Suppose this time that the number of people buying our product is the 10% of the population, equally distributed across all the cities.
Then we must calculate the weight of each city by dividing the number of potential clients in each city by the total number of clients
pt_clients_perc = 0.1
clients = np.round(data.loc[:,"pop_size"].values*pt_clients_perc)
clients_perc = pd.DataFrame(clients/clients.sum(),columns = ["weight"])
data = data.join(clients_perc)
data = data.join(pd.DataFrame(clients,columns = ["number_of_clients"]))
#data = data.join(clients)
display(data.head())
city_name | pop_size | lat | long | weight | number_of_clients | |
---|---|---|---|---|---|---|
0 | Varallo Pombia | 5004 | 45.665904 | 8.632693 | 0.000102 | 500.0 |
1 | Certosa di Pavia | 5004 | 45.257015 | 9.148114 | 0.000102 | 500.0 |
2 | Mistretta | 5014 | 37.929885 | 14.362873 | 0.000103 | 501.0 |
3 | Santa Teresa Gallura | 5018 | 41.241377 | 9.188518 | 0.000103 | 502.0 |
4 | Alzate Brianza | 5019 | 45.769778 | 9.182041 | 0.000103 | 502.0 |
The way we will find the solution is by using a clustering method, in particular the K-Means algorithm, which seeks to minimize the distance between each point in a cluster (the cities assigned to a particular facility) and the centre of the cluster (the facility itself)
First we initialize the clustering process by putting all the cities in one cluster
coordinates_df = data.loc[:,["lat","long"]]
n = 1
#solver.fit(coordinates_df,sample_weight = data.loc[:,"%clients"] )
#location = solver.cluster_centers_
#labels = data.set_index(solver.labels_)
Now we introduce a constraint max_capacity, defined as the maximum amount of product units the facility can output in one year, divided by the total demand of the output in one year, for a single product
suppose the maximum output is 1500 units/day the maximum capacity is:
units_day = 1500
units_year = units_day*365
max_capacity = np.round(units_year/clients.sum(),6)
print(f"The maximum capacity for each facility is {max_capacity}")
print(f"Which equals to a maximum yearly output of {units_year} units/year ")
The maximum capacity for each facility is 0.112119
Which equals to a maximum yearly output of 547500 units/year
The total sum of the demand (or weights) for i-th facility must be less or equal than the units_year (or max_capacity).
Next we define the function find_optimum that takes in the minimum amount of facilities we want to locate and find an optimal amount of facilities with the aforementioned contraint. Then, among the possible solutions we calculate the the average saturation rate, defined as :
Saturation ratej=outputjmaximum output=∑wijmaximum outputoutputj=The sum of the weights of the cities supplied by the j-th facility wij=The weight of the i-th city supplied by the j-th facility maximum output=The maximum sum of weights a facility can supply
In this case, given a maximum daily output of 1500 units/day:
Saturation ratej=outputj0.1129In the end we pick the combination of facilities with the maximum saturation rate.
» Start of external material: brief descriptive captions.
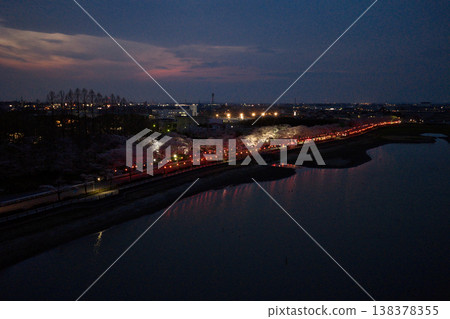 川越市夜景及埼玉縣川越市伊佐沼湖盛開的櫻花（無人機空拍） 138378355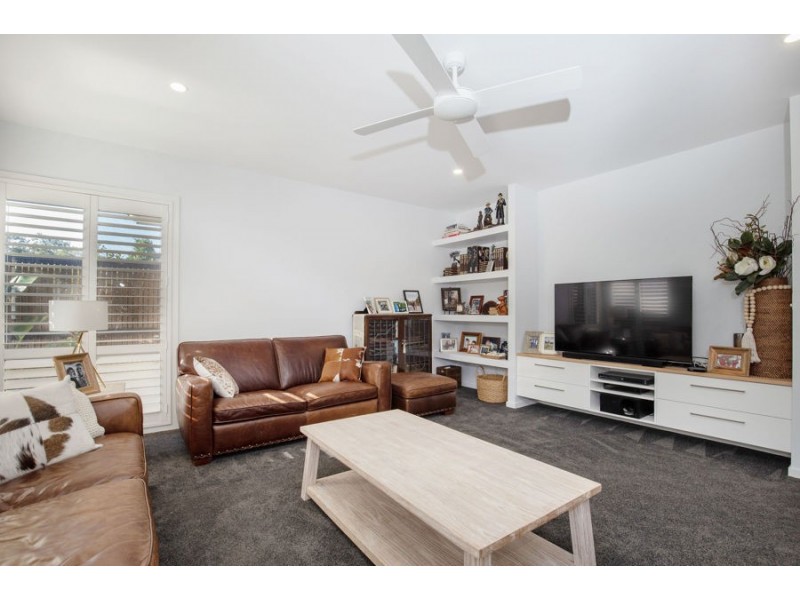 10 Rundle Ave, Pimpama QLD 4209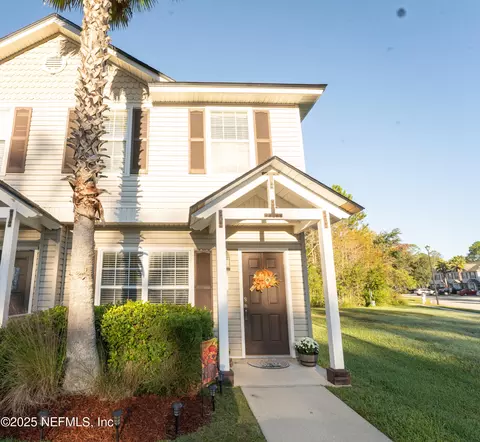 1872 Lago Del Sur Dr, Middleburg, FL 32068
def find_optimum(starting_n):
n = starting_n
optimal_solution = None
optimal_cluster_n = 10000 #initializes the variables that will hold the optimum
optimal_array = [] #optimal array will contain the all the possible optimum solutions
optimal_capacity = [] #optimal capacity will contain the output of the faclities in a given solution
while True:
print (f"Trying number of facilities = {n}")
labels = data.set_index(np.zeros(len(data.index)))
#These lines will initialize the labels array which will hold the clusters
for j in range(200):
solver = KMeans(n,n_init = 1,max_iter = 1000,tol = 1e-9,init = "k-means++")
solver.fit(coordinates_df,sample_weight = data.loc[:,"weight"])
labels = pd.DataFrame(solver.labels_,columns = ["label"])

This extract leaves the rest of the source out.